* [EXERCISE DESCRIPTION]
What's needed is the listing below, repeated word for word with no pictures.

* [GIVEN MATERIAL]
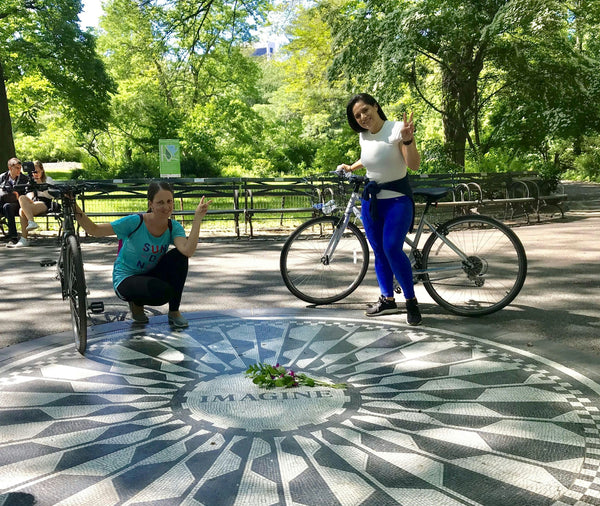 New York City Date Night for two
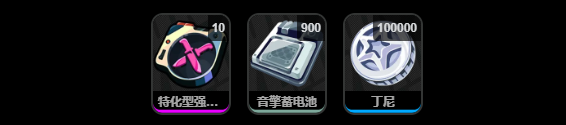 絕區(qū)零犧牲潔純突破材料有哪些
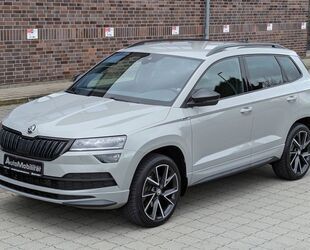 Skoda Karoq Gebrauchtwagen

* [SOLUTION FOR THIS EXERCISE]
 New York City Date Night for two
 絕區(qū)零犧牲潔純突破材料有哪些
 Skoda Karoq Gebrauchtwagen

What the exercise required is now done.